John Brown Freedom Trail
— December 20, 1858 - March 12, 1859 —
Iowa assumed an important place in America's Underground Railroad history when Missourians closed off the Missouri River to Kansas bound settlers. For Iowa residents involved in helping runaways, the work was a dangerous and illegal business. Most in the state wanted to avoid the slavery issue, while a dedicated minority saw Iowa standing forth as a beacon of anti-slavery hope.
John Brown's Last Iowa Trip
John Brown, with twelve men, women, and children escaping slavery from Missouri, plus his own men, stopped near here February 13, 1859 at the farm of his cousin Oliver Mills. Located one-half mile north of Lewis, the Mills place had become a frequent Underground Railroad stop for runaways from slavery in western Missouri via Kansas and Nebraska during the late 1850s. In these quietly conducted activities Mills worked in concert with others locally, including Rev. George B. Hitchcock and David A. Barnett living just east of Atlantic at Grove City.
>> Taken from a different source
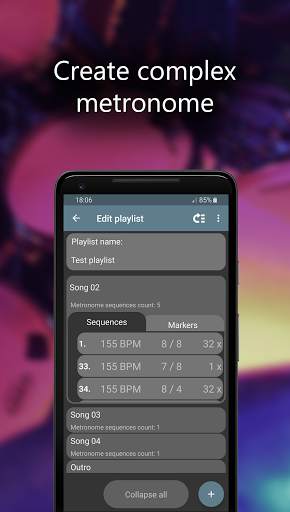 Camtronome - metronome, camera screenshot 3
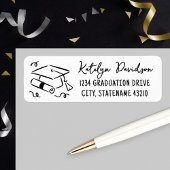 Graduation Cap and Diploma Return Address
John Brown's party rested overnight at Mills before heading to Barnett's at Grove City on their three month trek toward Detroit where they would cross by ferry to freedom in Windsor, Canada.
Ten months later Brown was dead, captured and hung after the former Kansas fighter and his band (including four Iowans) on October 16 1859 failed in their assault on the federal arsenal at Harpers Ferry, Virginia. The bold action ignited great controversy and became a catalyst leading to Civil War.
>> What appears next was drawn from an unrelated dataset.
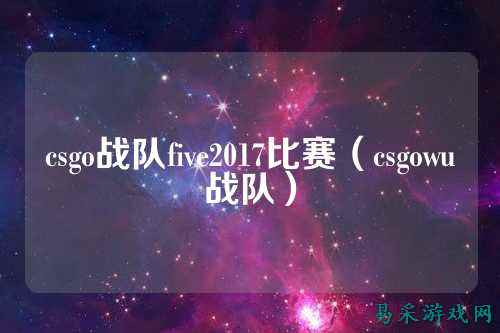 csgo战队five2017比赛(csgowu战队)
Brown's action as part of Kansas Troubles
The Kansas-Nebraska struggle began in 1854 over whether the areas would be slave or free states. This soon made western Iowa an important staging area for free state forces and also for those engaged in aiding fugitives escape enslavement. In the forefront of antislavery and Underground Railroad activity during these years were persons of Congregational, Quaker, Baptist, and Wesley Methodist faith, but in southwest Iowa, it was Congregationalists such as Rev. George B. Hitchcock that assumed the lead in antislavery activity.
The northward movement of persons fleeing enslavement in western Missouri often brought them first to a rural Iowa hamlet known as Civil Bend, just upriver from Nebraska City. From there they would be directed to Tabor (Fremont County) and then, helped by persons from the Malvern and Hastings areas of Mills County, reach the doorsteps of Rev. Hitchcock or Oliver Mills in the Lewis vicinity. After that their destination pointed eastward toward Chicago and Canada.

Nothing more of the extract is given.